Division of Transplant Surgery
The Research Program in the Division of Transplant Surgery focuses on liver and kidney transplantation and surgical diseases
of the liver and bile duct. As a multi-faceted program, basic science research is undertaken in the laboratory of Chief and
Professor Johnny Hong, MD; clinical science and translational research is pursued by transplant faculty and researchers at
Froedtert Hospital, Children’s Hospital of Wisconsin, The Blood Center of Wisconsin, UW Milwaukee, Concordia University,
Cleveland Clinic, and Washington University in St. Louis. MCW Transplant Surgeons have served over 5000 patients since
1967.
Our comprehensive clinical data from years of patient care is a critical element of the Transplant Division’s growing research
infrastructure. As part of the Transplant Surgery’s academic infrastructure over the years, an extensive clinical database has
been maintained and, in 2014, with IRB approval, transferred to a REDCap database entitled the Solid Organ Transplantation
Data Bank. This bank has data available for program management, quality assurance, and research.
Another element of the research infrastructure is Dr. Johnny Hong’s basic science laboratory housed in the Cardiovascular
Research Center. Current research is focused on regulated hepatic reperfusion, to mitigate the adverse effects of ischemia
and reperfusion injury (IR) in porcine circulatory death liver transplant model. In addition, Dr. Hong’s lab is studying the
effects of hepatic steatosis on IRI in a rat model, and the influence of extracellular adenosine in a mouse IRI model.

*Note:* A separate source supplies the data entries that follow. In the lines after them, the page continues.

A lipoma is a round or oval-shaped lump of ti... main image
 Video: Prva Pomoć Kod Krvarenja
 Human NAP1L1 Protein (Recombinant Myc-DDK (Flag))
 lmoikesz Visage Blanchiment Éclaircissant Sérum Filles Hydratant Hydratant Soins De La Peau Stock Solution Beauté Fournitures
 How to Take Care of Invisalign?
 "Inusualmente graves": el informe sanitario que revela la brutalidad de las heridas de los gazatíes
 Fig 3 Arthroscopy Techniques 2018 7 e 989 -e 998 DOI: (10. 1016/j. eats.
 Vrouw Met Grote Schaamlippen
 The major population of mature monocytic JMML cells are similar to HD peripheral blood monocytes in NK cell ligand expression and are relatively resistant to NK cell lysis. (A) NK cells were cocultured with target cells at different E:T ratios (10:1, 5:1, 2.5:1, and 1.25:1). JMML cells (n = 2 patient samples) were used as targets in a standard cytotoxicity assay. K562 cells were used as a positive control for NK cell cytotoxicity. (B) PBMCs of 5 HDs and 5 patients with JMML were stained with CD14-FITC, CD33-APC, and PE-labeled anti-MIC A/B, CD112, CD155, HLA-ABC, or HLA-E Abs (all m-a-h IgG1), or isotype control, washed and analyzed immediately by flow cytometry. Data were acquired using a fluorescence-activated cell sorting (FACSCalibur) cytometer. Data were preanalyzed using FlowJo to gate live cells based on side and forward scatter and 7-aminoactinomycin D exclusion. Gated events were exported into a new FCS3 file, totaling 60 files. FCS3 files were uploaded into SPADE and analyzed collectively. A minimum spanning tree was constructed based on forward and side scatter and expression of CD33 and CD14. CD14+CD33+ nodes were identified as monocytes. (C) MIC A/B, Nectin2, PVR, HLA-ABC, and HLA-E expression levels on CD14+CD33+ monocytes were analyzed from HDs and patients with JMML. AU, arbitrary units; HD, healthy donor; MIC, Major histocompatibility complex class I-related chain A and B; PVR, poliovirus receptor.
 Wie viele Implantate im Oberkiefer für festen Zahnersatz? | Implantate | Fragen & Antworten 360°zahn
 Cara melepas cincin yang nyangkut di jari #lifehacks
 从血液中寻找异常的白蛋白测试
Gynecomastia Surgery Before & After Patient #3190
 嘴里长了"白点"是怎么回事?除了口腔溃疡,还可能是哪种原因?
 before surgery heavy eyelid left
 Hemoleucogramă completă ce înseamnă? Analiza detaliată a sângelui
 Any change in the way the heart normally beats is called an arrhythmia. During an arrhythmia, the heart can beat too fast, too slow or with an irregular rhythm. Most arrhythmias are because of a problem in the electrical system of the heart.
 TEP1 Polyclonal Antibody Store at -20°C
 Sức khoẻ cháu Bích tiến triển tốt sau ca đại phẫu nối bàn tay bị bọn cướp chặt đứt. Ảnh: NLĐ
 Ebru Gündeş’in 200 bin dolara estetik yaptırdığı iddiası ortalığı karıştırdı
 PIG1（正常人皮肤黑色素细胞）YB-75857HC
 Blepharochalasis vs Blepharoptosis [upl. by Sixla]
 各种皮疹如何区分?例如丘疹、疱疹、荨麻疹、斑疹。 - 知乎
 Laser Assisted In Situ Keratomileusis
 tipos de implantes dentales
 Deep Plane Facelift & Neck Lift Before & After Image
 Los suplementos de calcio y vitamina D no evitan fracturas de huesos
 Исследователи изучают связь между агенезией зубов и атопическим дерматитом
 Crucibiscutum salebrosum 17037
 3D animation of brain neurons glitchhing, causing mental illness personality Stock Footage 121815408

Dr. Hong was just recently awarded a Department of Surgery We Care Award for two years. Partnering with Dr. Raul Urrutia
in the GSPMC, the award focuses on The Effects of Ischemia and Reperfusion Injury in Liver Transplantation on Epigenetic
Profiles.
Current ongoing studies involving Divisional Faculty in academic year 2018-2019 include the following:
1. Determine the effect of regulated hepatic reperfusion in a DCD swine liver transplant model and mitigate IRI through
novel treatment.
2. Assessment of hepatic IRI measured by bile transporter expression in a rat IRI model with hepatic steatosis.
3. Investigate the influence of extracellular adenosine signaling on leukocyte-mediated hepatic injury in a mouse IRI
model.
4. Pre-Habilitation in Patients Awaiting Liver Transplantation.
5. Incompatible Organ Transplantation in High Risk Donors.
6. Cycle Ergometer Therapy in Transplant ICU patients.
7. Liver Biopsies to study Ischemic Reperfusion Injury
8. A Randomized, Controlled, Open Label Clinical Trial of Thymoglobulin Induction and Extended Delay of Calcineurin
Inhibitor Therapy for Renal Protection after Liver Transplantation.
9. Staged Bile Duct Reconstruction in the Share 35 Era
10. Outcomes in Transplant Mental Health Group Therapy
11. Platelet Refractoriness and Alloimmunization in Liver Transplantation
12. The Effect of Race on Transplant Outcomes. A single center experience.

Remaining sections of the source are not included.